The shipwrecks were discovered in 2015 some 2,300 kilometres off the Australian coast during the initial search for the missing Boeing 777 flight, which vanished with 239 passengers and crew on board on March 8, 2014 while flying from Kuala Lumpur to Beijing.

The plane is presumed to have crashed into the sea. Last year, Malaysia, China and Australia called off their search — the largest in aviation history — after spending $150 million.

The museum said the wrecks were identified as 19th-century merchant sailing vessels: one wooden and one iron, both carrying coal.

“Both wrecks were found at depths between 3,700 and 3,900 metres, roughly 36 km apart,” Ross Anderson, the museum’s maritime archaeolog­y curator, said in a statement on Thursday evening.

Both ships are likely to have carried crews of between 15 and 30 men.

The wooden sailing ship of 225-to 800-tonne range appeared to have totally degraded, leaving only the remains of the vessel’s coal cargo and some metal objects, he said.
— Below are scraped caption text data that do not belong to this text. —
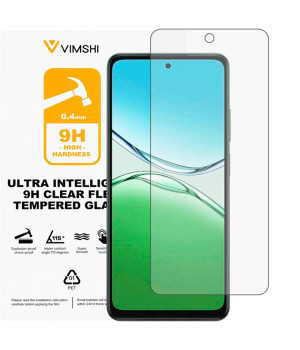 Протиударна захисна плівка Vimshi Ultra 9H Clear Flex для OPPO A5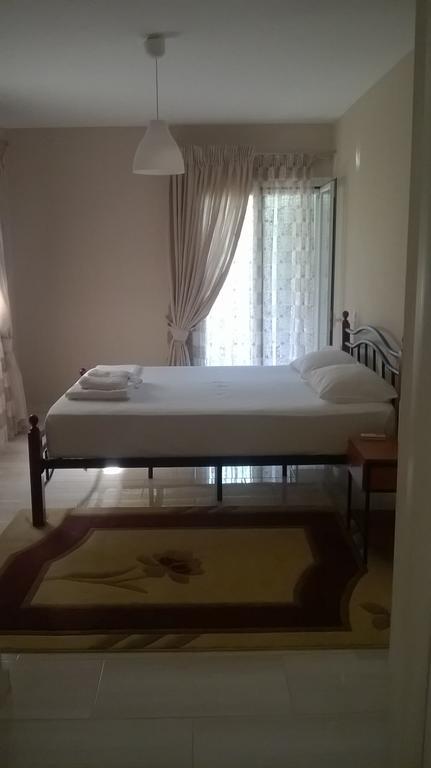 La Sirenetta Residence Sívota Екстериор снимка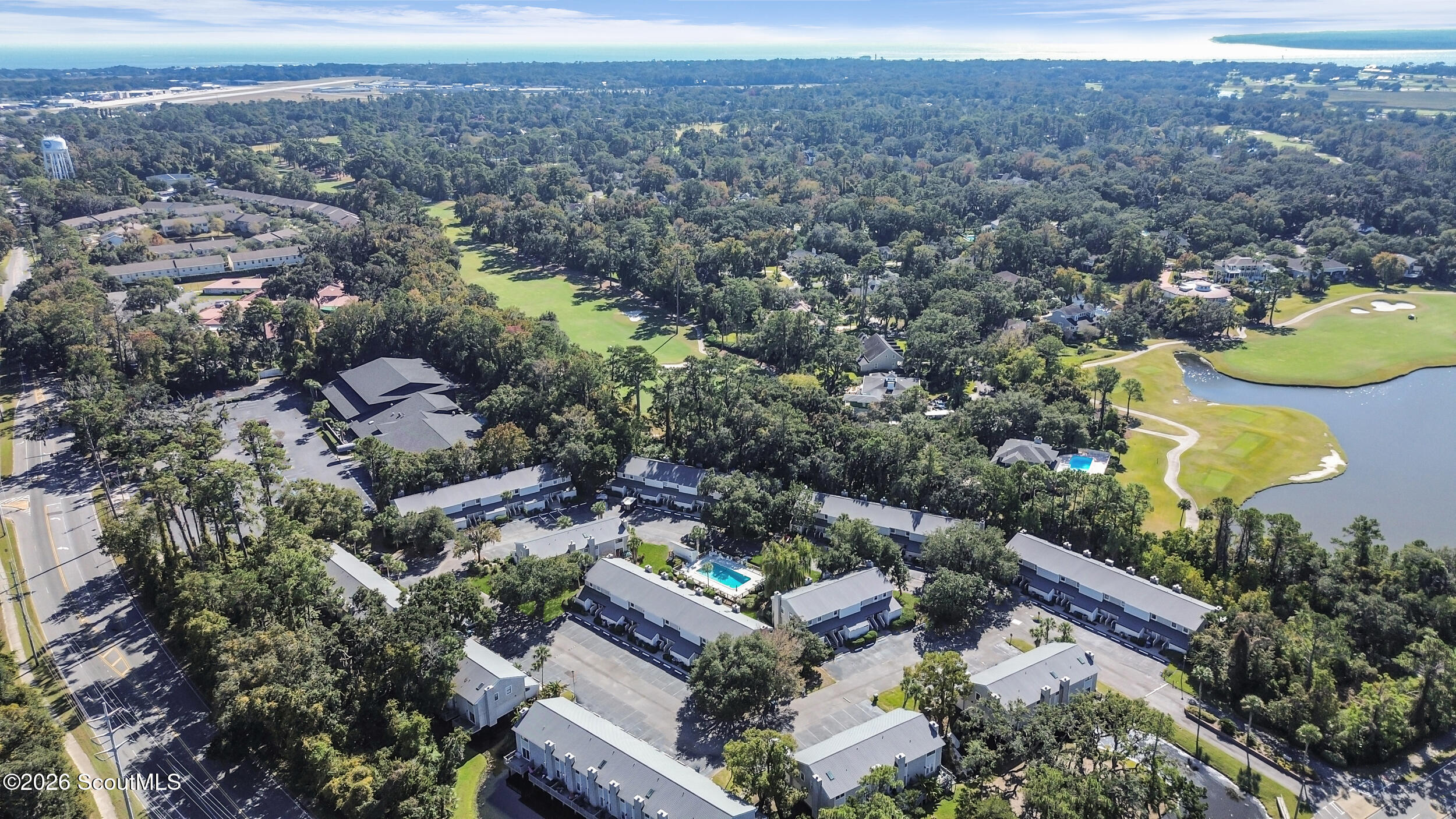 1000 Sea Island Road, Unit 63 St. Simons Island, GA 31522 - Photo 22 of 23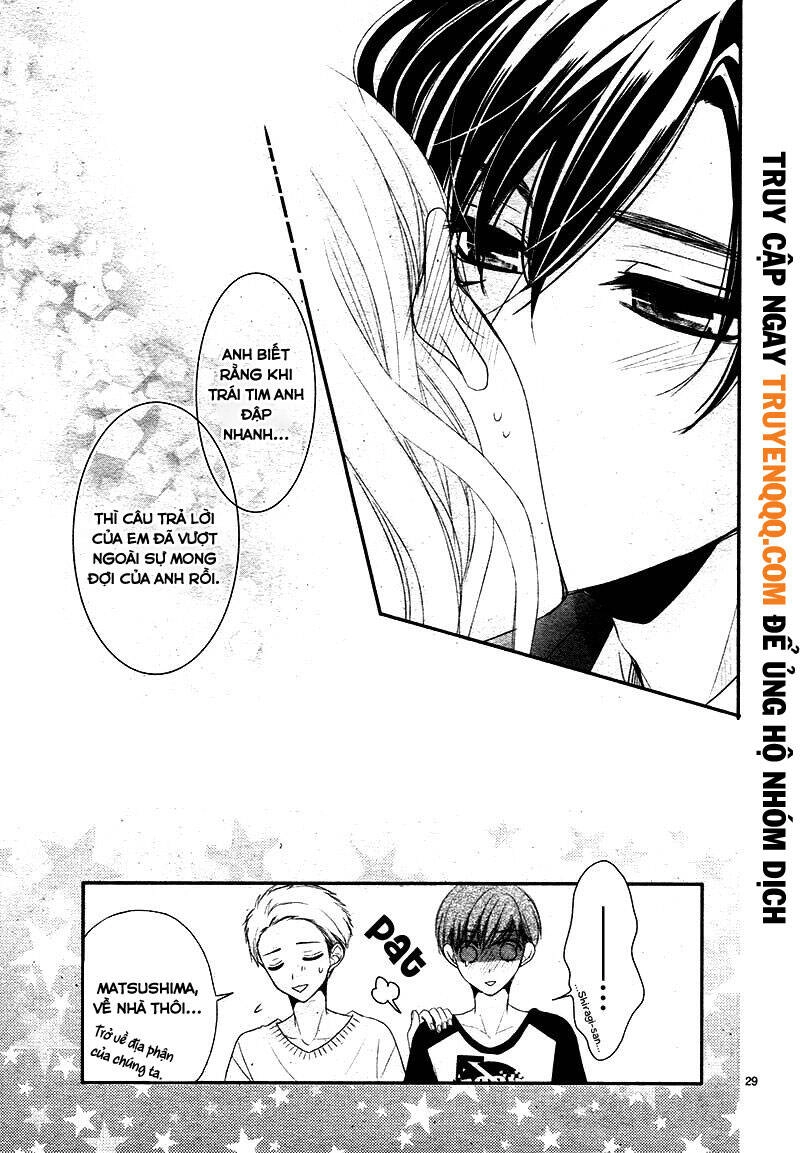 Hương Vị Tình Yêu Chapter 24 - 29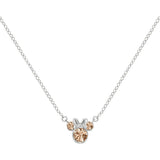 Colgante Junio Minnie Disney Plata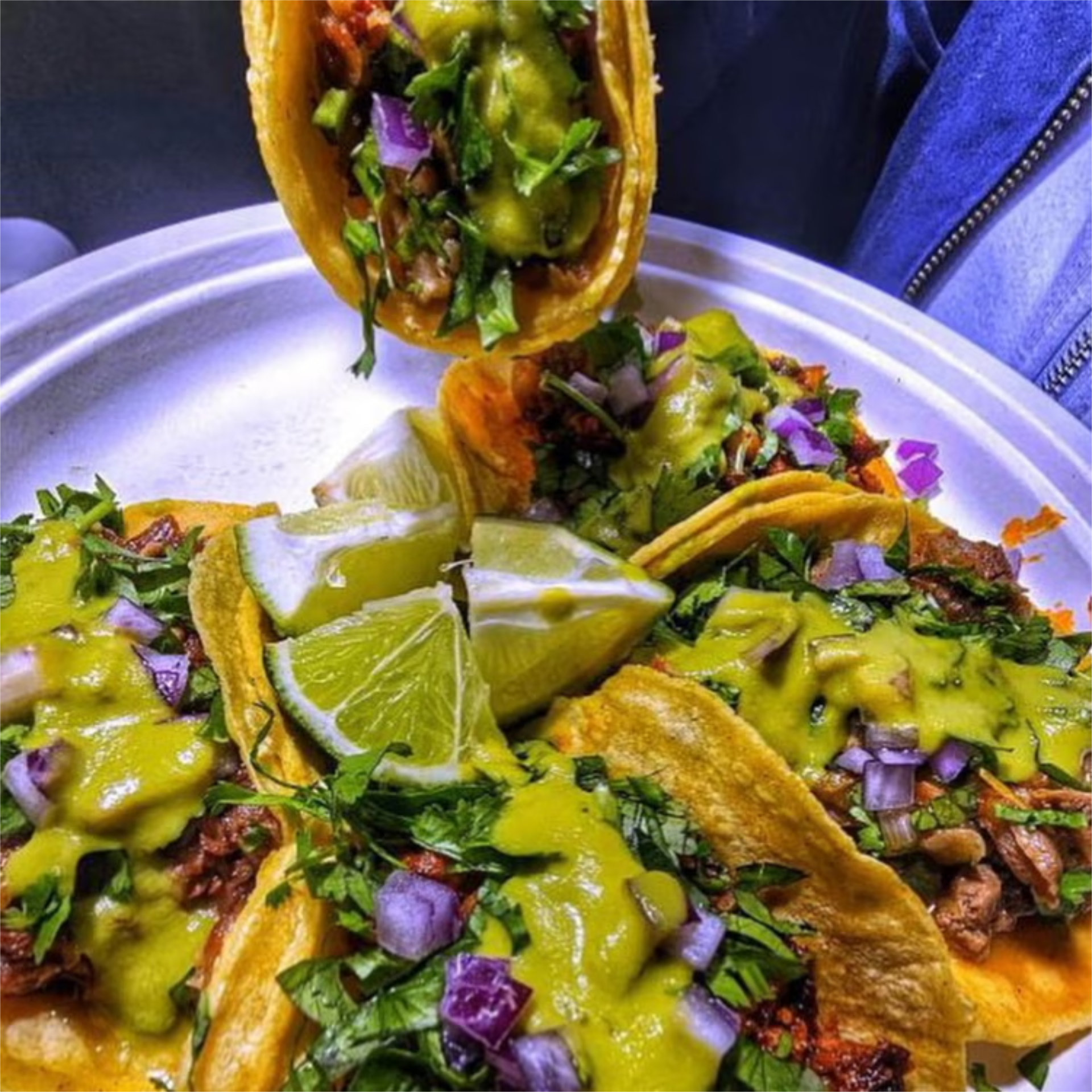 Couple Bundle (6 Street Tacos)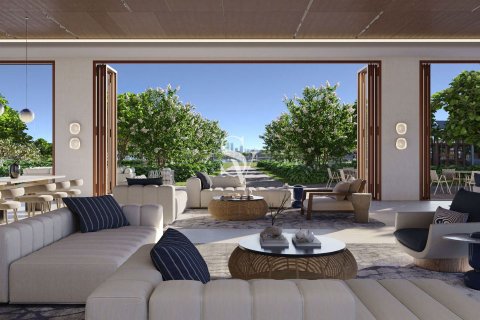 Townhouse in Palm Jebel Ali, Dubai, UAE 4 bedrooms, 371 sq.m. № 720225 - photo 17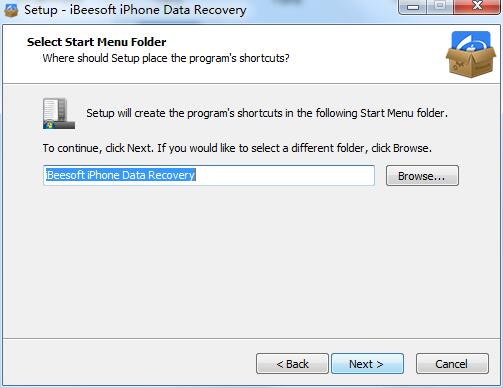 iBeesoft iPhone Data Recovery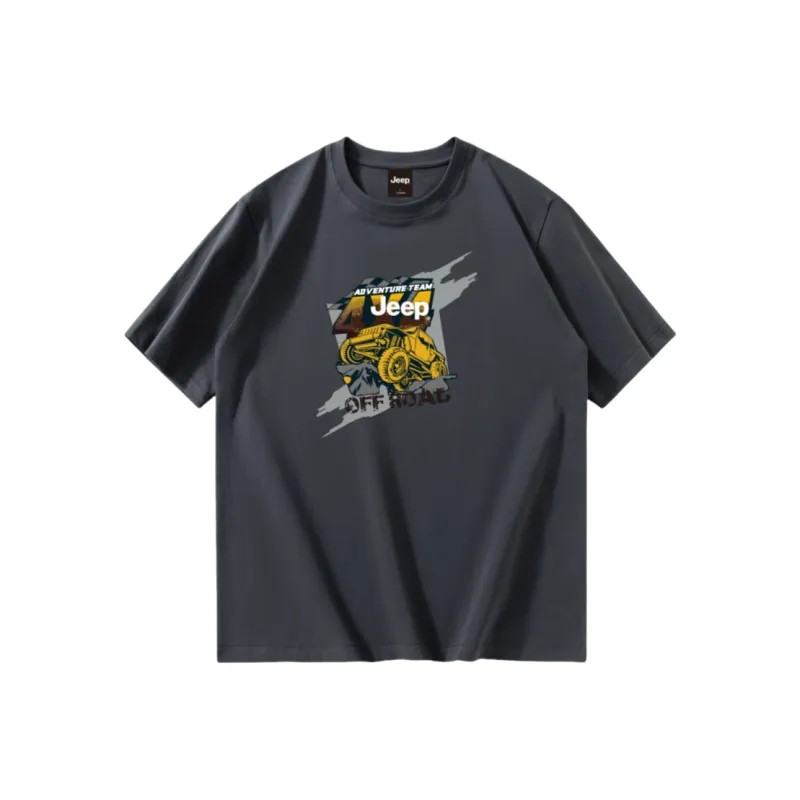 Jeep Leisure Collection T Shirt Men's-4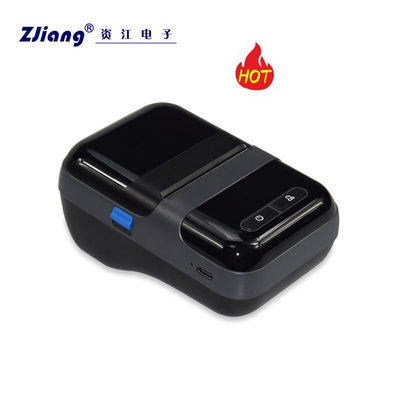 ODM Machine 2 Duim 58mm van Streepjescodemini label printer thermal printing
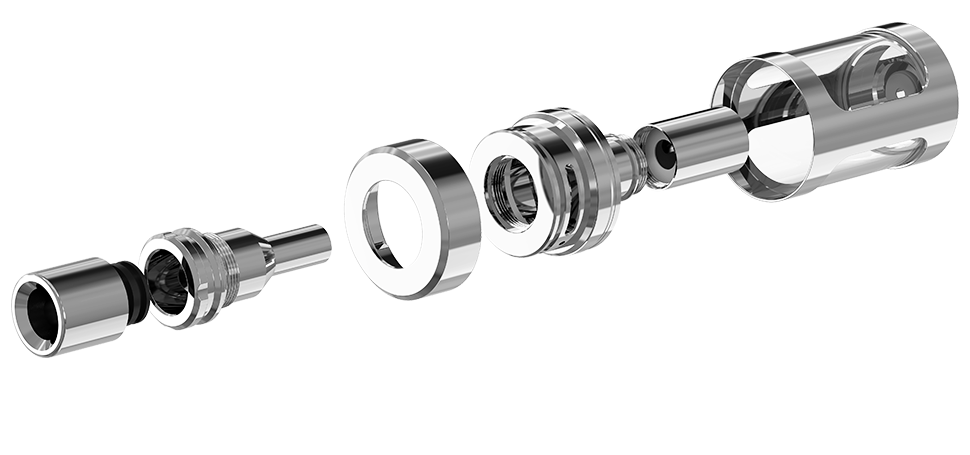 Joyetech - Aio & Cubis Ersatzerdampfer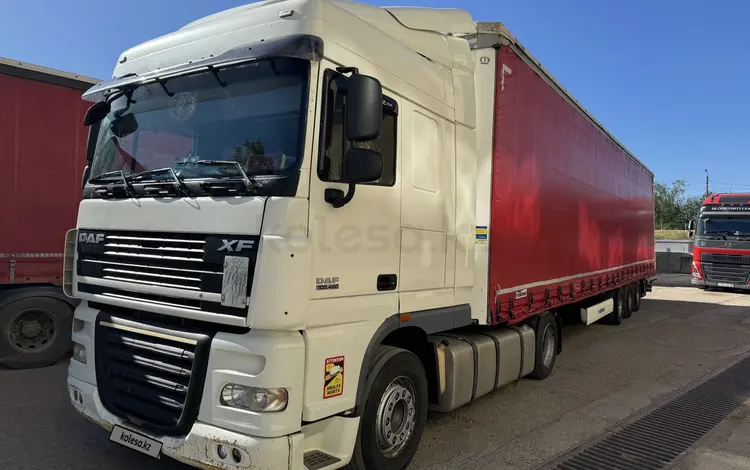 DAF  XF 105 2018 года за 29 000 000 тг. в Уральск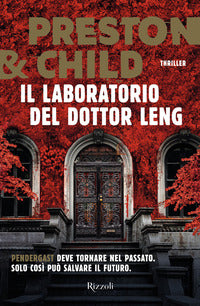 Laboratorio del dottor leng 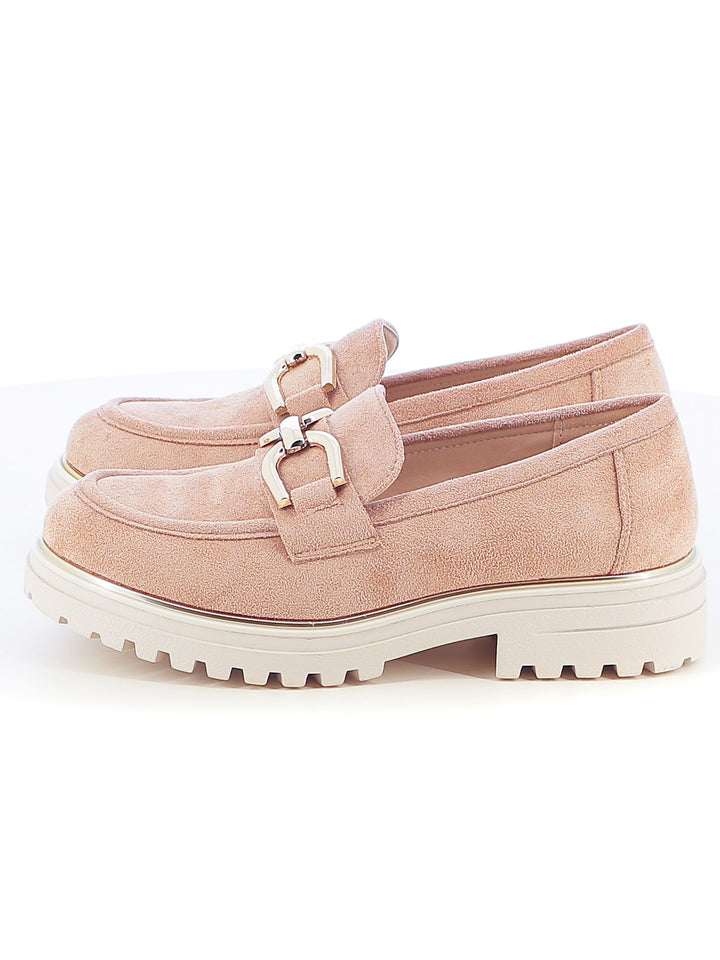 Mocassini donna MINU BL6029-14 beige scuro | Costa Superstore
The sinking of the ship was likely caused by an explosion, which was common with coal cargoes, Anderson said.

The second wreck — an iron sailing ship with at least two decks, and between 1,000 and 1,500 tonnes — was more intact, lying upright on the seabed with most of the rails and structure still visible.

Museum researcher­s could not identify the ships conclusive­ly, but they were able to narrow the possibilit­ies to a few ships from the late 1800s — all travelling from Britain to somewhere in the East.